The overall projected increase in residual fuel consumption this year, 95% of which is bunkering, according to the IEA, is 212,000 barrels a day. The impact of bunkering on that number can be seen by the fact that besides jet fuel, consumption of middle distillates — mostly diesel — is expected to rise just 230,000 barrels a day, even though middle distillate consumption is about four times that of residual fuel.
Although physical markets for diesel in the U.S. have not notably tightened, as evidenced by the spread between ultra low sulfur diesel on the CME commodity exchange and physical barrels in such markets as the Gulf Coast, the IEA said it saw strong fundamentals for European diesel.
That will likely encourage refineries in Europe to produce as much diesel as they can, the IEA said. “In the short term, tight European product stocks, most notably for middle distillates, increase the chance that the region’s refineries will continue to benefit from healthy middle distillate cracks as Europe remains heavily reliant on imports from sources East of Suez,” the IEA said. “The prolonged disruption to global trade flows, and the current need to sail via the Cape of Good Hope, will likely support European diesel and jet fuel cracks in the coming months.”
U.S. helping to drive demand
In raising its growth forecasts for higher consumption in the first quarter and the full year, the IEA did not rely solely on bunker fuel.

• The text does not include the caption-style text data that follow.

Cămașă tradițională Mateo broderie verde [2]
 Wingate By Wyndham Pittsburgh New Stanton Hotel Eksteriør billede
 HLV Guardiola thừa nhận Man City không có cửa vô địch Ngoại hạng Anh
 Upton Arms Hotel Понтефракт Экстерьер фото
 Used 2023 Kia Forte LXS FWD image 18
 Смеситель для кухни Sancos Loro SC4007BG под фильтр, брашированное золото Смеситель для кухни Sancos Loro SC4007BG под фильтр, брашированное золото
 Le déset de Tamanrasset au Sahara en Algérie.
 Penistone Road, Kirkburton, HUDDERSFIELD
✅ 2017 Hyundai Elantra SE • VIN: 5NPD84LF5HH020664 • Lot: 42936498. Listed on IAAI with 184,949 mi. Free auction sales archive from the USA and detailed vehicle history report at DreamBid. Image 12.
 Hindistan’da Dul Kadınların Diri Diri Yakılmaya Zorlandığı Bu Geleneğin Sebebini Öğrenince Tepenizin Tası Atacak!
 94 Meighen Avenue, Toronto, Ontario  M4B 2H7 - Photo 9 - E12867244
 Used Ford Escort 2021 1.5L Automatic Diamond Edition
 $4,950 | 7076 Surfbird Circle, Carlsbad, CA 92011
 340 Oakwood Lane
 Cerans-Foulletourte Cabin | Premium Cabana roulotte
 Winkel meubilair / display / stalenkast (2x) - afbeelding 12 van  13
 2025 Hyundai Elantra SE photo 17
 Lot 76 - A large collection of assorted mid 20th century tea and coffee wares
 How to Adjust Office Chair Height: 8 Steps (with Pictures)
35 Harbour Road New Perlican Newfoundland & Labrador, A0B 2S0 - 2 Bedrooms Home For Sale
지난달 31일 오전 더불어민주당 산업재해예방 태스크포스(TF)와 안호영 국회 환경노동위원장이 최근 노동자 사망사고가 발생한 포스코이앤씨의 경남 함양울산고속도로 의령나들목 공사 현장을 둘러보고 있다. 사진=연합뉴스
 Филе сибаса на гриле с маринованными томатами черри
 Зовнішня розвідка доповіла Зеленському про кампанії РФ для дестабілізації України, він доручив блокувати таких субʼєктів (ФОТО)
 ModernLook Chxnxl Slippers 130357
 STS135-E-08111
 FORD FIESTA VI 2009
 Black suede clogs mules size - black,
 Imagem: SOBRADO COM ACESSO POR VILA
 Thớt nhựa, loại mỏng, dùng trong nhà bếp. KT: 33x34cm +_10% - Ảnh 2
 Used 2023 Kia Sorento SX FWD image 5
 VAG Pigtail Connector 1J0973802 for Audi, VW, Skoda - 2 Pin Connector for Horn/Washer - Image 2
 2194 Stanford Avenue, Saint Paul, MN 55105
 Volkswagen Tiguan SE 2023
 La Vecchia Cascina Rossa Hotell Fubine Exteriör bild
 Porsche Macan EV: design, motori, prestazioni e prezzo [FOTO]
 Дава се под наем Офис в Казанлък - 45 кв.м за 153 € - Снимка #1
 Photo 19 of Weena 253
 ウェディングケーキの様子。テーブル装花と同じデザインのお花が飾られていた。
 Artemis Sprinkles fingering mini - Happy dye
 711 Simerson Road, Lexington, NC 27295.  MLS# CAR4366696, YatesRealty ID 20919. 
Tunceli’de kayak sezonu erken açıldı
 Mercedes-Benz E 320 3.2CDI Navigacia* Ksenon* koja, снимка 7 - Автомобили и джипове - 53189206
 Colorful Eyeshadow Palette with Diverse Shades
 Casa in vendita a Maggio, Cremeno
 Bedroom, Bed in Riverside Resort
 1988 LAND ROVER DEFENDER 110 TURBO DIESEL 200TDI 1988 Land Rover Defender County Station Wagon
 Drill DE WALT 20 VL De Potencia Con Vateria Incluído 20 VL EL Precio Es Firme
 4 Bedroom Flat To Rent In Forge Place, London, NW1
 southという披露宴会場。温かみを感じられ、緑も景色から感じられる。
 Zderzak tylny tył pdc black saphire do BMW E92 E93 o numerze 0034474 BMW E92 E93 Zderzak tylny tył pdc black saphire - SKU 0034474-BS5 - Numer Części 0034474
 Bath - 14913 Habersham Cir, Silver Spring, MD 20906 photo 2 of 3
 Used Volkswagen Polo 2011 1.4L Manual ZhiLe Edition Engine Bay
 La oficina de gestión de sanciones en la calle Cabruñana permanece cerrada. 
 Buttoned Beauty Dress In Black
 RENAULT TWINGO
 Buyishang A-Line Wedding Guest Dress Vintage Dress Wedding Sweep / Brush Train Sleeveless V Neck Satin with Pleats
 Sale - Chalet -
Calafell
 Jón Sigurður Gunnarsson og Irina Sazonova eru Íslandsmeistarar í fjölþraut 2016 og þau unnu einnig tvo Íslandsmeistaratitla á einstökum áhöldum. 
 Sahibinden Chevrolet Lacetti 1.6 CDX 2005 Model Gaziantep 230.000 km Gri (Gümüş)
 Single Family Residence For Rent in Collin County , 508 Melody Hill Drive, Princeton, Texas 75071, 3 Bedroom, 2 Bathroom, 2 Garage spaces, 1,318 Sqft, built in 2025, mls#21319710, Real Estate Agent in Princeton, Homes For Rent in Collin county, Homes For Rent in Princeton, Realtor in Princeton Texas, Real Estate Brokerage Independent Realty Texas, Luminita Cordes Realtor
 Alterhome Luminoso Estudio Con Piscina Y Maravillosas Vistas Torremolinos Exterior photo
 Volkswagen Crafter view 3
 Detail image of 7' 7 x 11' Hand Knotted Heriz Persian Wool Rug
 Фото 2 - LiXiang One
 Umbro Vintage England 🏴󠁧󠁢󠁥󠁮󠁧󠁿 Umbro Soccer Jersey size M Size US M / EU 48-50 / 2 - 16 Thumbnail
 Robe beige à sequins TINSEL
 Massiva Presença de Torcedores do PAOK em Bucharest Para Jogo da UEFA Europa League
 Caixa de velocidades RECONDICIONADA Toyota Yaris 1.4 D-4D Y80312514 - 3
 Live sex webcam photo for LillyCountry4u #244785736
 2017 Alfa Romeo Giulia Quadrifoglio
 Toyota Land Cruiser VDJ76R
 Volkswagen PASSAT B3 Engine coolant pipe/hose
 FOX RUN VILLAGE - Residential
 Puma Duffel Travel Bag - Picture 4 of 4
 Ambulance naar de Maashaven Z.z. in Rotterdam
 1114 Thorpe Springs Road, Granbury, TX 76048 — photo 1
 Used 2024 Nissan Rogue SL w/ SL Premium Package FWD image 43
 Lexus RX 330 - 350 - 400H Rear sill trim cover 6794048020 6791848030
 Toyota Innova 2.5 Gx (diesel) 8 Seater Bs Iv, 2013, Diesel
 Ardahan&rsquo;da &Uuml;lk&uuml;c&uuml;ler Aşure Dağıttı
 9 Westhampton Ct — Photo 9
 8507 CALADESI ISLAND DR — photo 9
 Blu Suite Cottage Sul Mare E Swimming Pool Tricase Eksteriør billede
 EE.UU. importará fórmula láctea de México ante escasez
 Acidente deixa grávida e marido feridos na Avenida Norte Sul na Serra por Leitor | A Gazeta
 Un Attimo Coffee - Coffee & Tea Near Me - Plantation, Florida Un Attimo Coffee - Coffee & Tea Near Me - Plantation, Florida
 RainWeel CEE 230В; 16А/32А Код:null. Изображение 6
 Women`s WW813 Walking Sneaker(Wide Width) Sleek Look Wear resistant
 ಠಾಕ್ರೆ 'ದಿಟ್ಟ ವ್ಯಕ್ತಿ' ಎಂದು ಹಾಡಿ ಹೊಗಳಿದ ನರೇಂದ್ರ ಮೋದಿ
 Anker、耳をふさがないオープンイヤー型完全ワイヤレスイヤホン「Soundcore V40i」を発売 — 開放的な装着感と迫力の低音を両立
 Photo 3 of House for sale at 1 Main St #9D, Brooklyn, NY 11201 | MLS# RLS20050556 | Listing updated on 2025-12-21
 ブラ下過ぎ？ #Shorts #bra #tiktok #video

The forecasts are also driven by its estimate of U.S. consumption, as it gave a strong review of the American economy.
But the U.S. outlook wasn’t just for transportation fuels. The agency said U.S. demand has been boosted by “extremely strong” deliveries of ethane, which is used as a petrochemical feedstock.
U.S. output of ethane, which is used to make ethylene that in turn is a basic feedstock in petrochemical operations, was 2.612 million barrels a day in December, the most recent month for which data is available. Five years ago, in November 2018, that output was 1.73 million barrels a day.